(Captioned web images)
○ ○ ○ ○

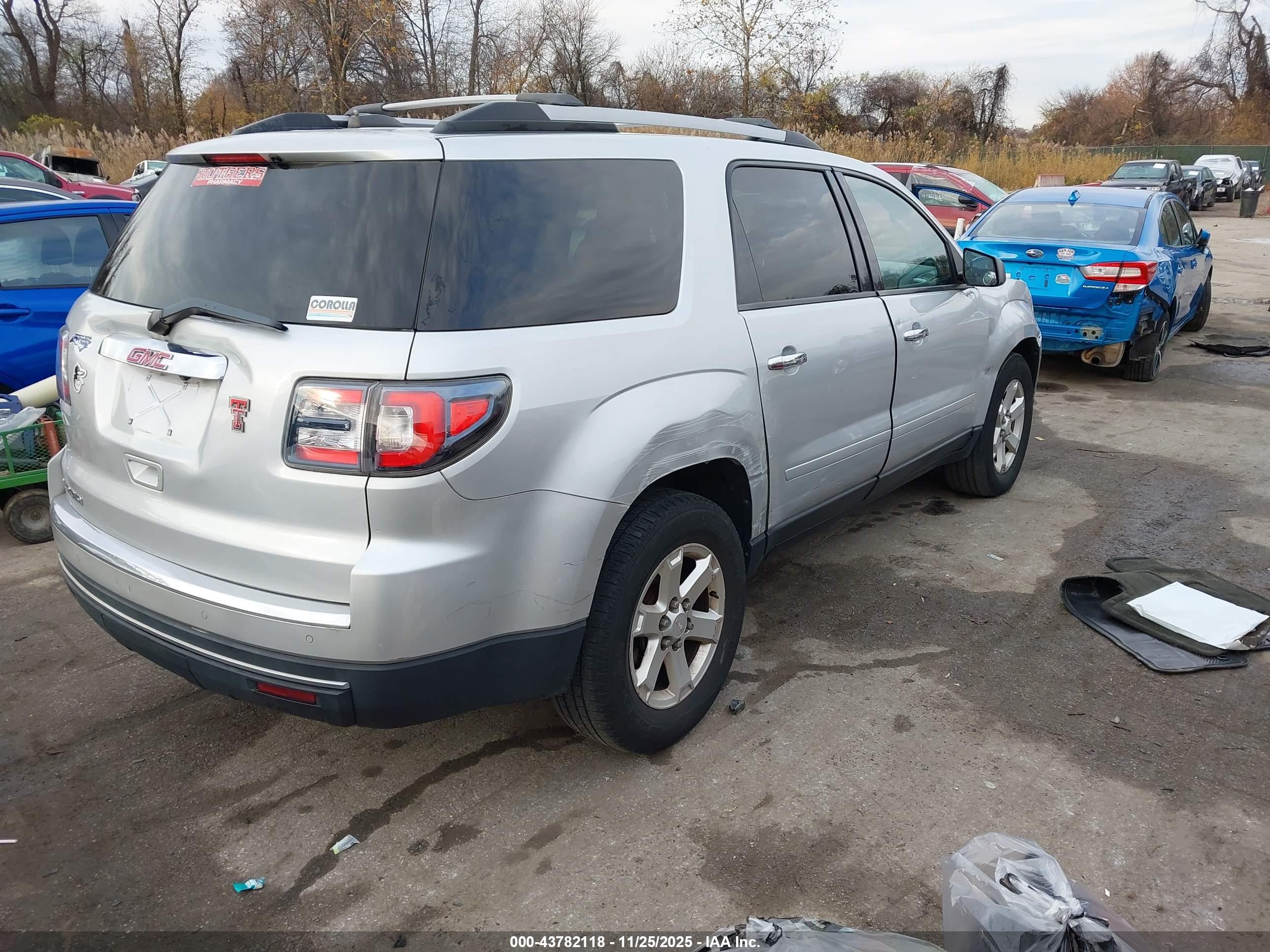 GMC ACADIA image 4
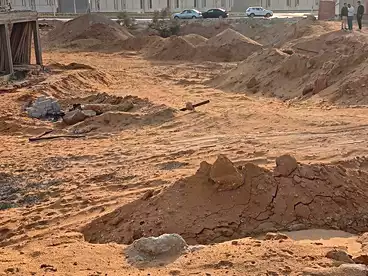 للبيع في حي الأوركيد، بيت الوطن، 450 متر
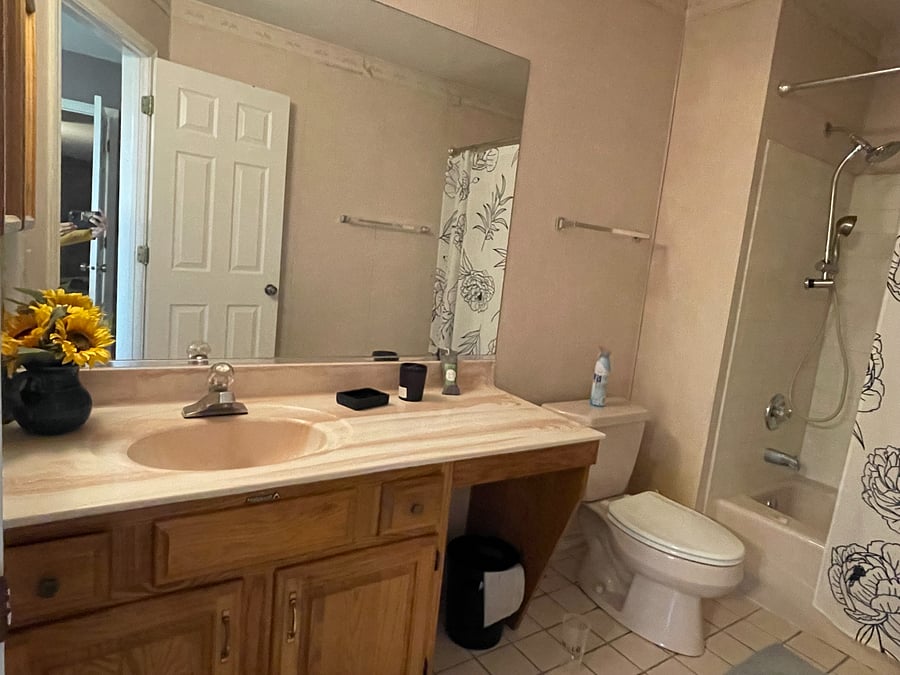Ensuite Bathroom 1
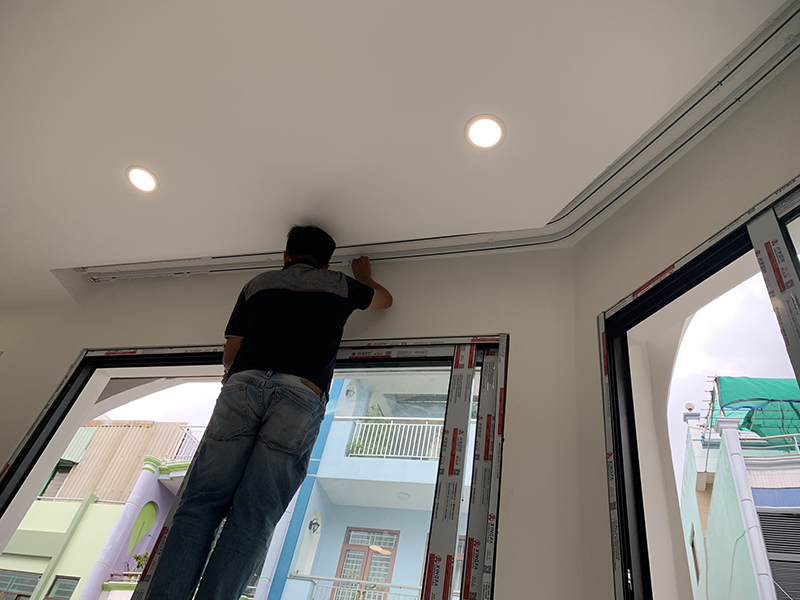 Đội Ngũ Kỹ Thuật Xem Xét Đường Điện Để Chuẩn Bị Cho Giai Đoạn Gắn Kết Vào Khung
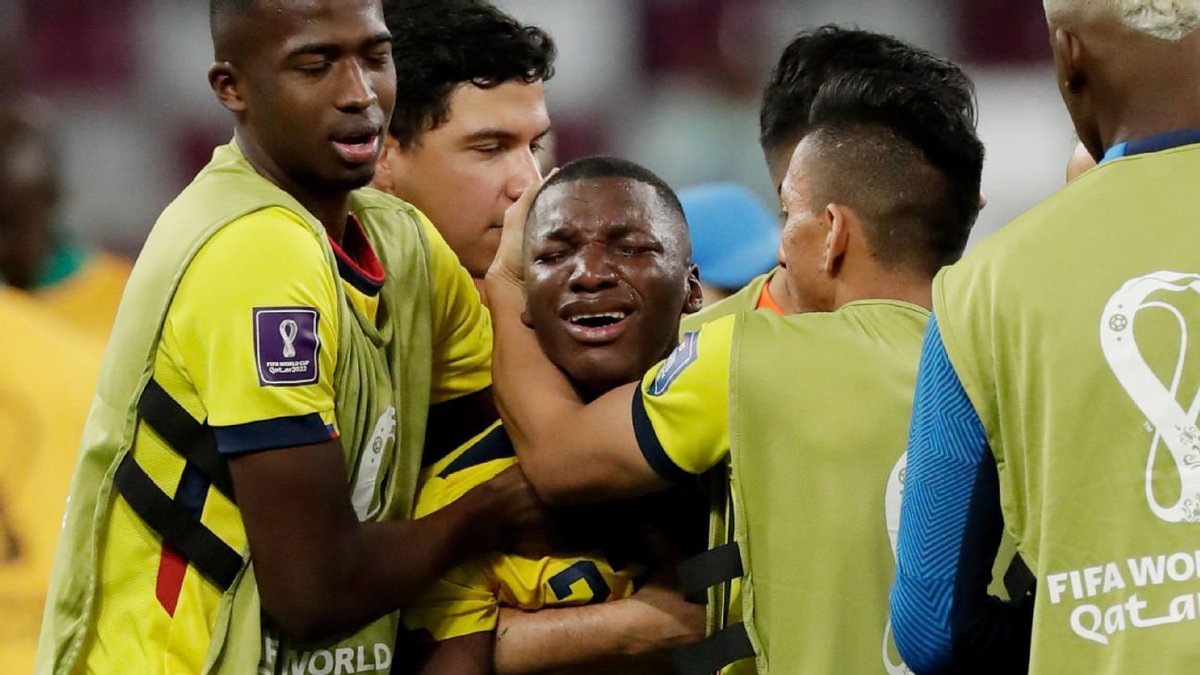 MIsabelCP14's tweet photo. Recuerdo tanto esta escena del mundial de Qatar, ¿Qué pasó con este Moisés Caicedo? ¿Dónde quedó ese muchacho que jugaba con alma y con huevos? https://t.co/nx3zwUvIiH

○ ○ ○ ○

[EXERCISE DIRECTIONS] From the first line to the last, repeat the records exactly. Leave out the pictures.

[ANSWER]
 GMC ACADIA image 4
 للبيع في حي الأوركيد، بيت الوطن، 450 متر
Ensuite Bathroom 1
 Đội Ngũ Kỹ Thuật Xem Xét Đường Điện Để Chuẩn Bị Cho Giai Đoạn Gắn Kết Vào Khung
 MIsabelCP14's tweet photo. Recuerdo tanto esta escena del mundial de Qatar, ¿Qué pasó con este Moisés Caicedo? ¿Dónde quedó ese muchacho que jugaba con alma y con huevos? https://t.co/nx3zwUvIiH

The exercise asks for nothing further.